"Sayın Genel Başkan İzmir'e tatile mi geldi, miting yapmaya mı, anlayamadım! CHP'nin İzmir'de, üstelik üç dönemdir yönetimde oldukları Bayraklı'da düzenlediği mitinge bakın. Otobüsler dolu, meydanlar boş!
Bu ne paradoks böyle?
Diğer ilçelerden otobüsle taşıma yapmalarına rağmen, anca bin kişi toplayabilmişler.
Bayraklı'nın yerlisi nerde acaba?
Yoksa onlar daha çok AK Parti mitinglerine mi koşuyorlar?

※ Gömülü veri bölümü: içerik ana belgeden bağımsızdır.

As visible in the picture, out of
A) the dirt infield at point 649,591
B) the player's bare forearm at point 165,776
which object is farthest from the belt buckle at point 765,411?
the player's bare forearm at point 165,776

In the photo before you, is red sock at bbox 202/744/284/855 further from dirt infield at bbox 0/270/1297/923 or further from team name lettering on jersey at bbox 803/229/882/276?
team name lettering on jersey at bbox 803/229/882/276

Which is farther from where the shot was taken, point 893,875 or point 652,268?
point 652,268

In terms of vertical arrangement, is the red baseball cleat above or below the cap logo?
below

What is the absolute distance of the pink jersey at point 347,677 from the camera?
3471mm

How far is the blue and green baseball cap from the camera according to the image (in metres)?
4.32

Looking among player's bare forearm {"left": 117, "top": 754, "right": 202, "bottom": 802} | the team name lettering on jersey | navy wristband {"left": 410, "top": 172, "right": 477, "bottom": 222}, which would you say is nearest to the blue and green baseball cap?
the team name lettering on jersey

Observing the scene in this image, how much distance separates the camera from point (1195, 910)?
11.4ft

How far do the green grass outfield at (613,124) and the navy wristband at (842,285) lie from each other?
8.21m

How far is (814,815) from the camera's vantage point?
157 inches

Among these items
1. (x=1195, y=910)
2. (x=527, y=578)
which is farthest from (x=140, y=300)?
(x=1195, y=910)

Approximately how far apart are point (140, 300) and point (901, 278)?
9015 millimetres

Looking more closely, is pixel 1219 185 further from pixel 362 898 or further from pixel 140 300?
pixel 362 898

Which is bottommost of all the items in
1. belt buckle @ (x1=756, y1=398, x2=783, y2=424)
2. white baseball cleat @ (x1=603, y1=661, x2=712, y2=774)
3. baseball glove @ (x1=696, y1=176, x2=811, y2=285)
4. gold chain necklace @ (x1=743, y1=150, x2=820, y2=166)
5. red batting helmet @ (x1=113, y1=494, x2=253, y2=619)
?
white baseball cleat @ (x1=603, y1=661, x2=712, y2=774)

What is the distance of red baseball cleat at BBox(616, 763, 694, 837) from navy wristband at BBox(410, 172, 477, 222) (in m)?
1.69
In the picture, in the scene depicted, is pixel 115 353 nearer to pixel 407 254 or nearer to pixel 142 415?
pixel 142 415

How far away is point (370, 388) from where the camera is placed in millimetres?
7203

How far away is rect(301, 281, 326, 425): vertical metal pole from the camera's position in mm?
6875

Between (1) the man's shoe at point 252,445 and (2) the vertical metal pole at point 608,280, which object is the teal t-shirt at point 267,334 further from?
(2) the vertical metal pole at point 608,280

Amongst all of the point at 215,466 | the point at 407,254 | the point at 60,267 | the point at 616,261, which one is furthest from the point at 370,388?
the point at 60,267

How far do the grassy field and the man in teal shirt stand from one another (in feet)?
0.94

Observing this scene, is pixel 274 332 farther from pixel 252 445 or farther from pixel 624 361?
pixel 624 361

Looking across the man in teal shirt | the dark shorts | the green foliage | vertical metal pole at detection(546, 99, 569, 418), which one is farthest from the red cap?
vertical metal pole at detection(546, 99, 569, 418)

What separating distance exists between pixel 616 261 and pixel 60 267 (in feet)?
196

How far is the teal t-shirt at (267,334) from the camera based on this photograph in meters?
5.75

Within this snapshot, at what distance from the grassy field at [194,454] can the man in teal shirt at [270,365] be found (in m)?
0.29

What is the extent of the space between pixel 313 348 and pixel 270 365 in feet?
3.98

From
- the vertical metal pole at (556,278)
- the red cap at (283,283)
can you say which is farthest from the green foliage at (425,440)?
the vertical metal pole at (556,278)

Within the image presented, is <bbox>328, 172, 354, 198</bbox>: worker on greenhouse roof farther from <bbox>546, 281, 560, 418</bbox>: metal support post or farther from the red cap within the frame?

Ya da evde keyif mi yapıyorlar?
Kim bilir!
Bir de şu var: CHP İzmir'de bu kadar zayıf mıydı, yoksa seçmen 'yeter artık' mı diyor? Bilen varsa bana da söylesin. CHP'liler, 'bizim kalemiz burası' derken, kale duvarlarında çatlaklar mı oluştu acaba?
Söylemeden geçemeyeceğim, böyle giderse CHP'nin İzmir'deki başarısı, mitinglerdeki kalabalıklar gibi sadece anılarda mı kalacak?
Yoksa bir mucize mi olacak da, meydanlar son anda dolacak?
Genel Başkan özgür Özel durumu bu durumu nasıl değerlendiriyor?
İzmir turu, ona ne gibi dersler verdi?
CHP tabanı bu duruma nasıl tepki gösteriyor, merak ediyorum doğrusu.
Politika sahnesinde her zaman sürprizlere hazır olmalıyız. Belki de bu, sadece bir başlangıç. Bakalım seçimlerde neler olacak?
Kısacası, CHP Genel Başkanı'nın İzmir ziyaretinde, otobüsler dolu ama meydanlar boş kalmış. Bu durum, acaba partinin geleceği için bir işaret mi, yoksa geçici bir durum mu?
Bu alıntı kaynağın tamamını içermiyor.